No idea mate, sorry. I've got a bottle of all-in-one mix from TNC which I almost never use anyway... gone through about 200ml in 2.5 years. Completely ignorant when it comes to dosing.


----------



## Henry (29 Apr 2013)

I refer back to my post on CO2 or reducing light. I've been successful growing plants in soil in virtual darkness, due to the low light limiting the need for CO2 and high levels of nutrients.

What are the dimensions of the tank? What lights are you using? What means of providing flow do you have?

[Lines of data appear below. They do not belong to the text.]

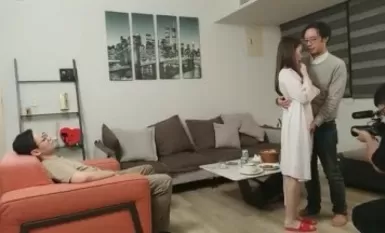 [Wu Mengmeng], three professional photographers, and a woman, the new arrival of the very best goddess, which is shooting cheating drama, in front of her husband snapped, wonderful aroma must see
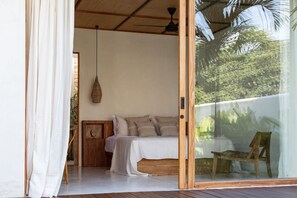 Deluxe Villa | 3 bedrooms, in-room safe, individually decorated, desk
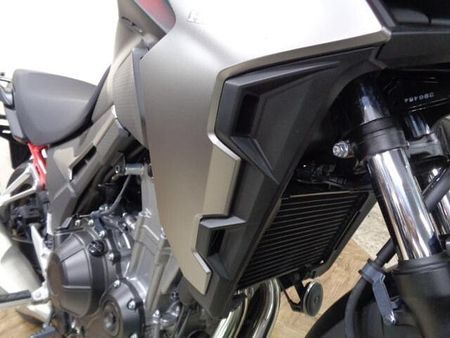 ホンダ 400X 走行少ない綺麗な上質車が入荷しました!希少なバイクですのでお探しの方はお早めに! 22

I ask this because I ran a large soil based tank for a while. The tank was being run without a filter, just plenty of floating duckweed. The tank was heavily stocked. Some plants grew well, some not at all. As soon as I halved the lighting and added a filter, all of the plants took off and looked much healthier.


----------



## Paul195 (29 Apr 2013)

To be honest I have been considering using liquid C02 anyway as I worked it out being reasonable costs on my 200L using the AE neutro C02 gear. Also they do a product called neutro T which is supposed to be ferts for low tech tanks but I noticed it doesn't have any macro ferts...why is this? and should I consider it instead of dry ferts (macro's & micro's).


----------



## Paul195 (29 Apr 2013)

Sorry, I have so many questions, I am asking a new one before you have a chance to answer my last! apologies.


----------



## Paul195 (29 Apr 2013)

> What are the dimensions of the tank? What lights are you using? What means of providing flow do you have?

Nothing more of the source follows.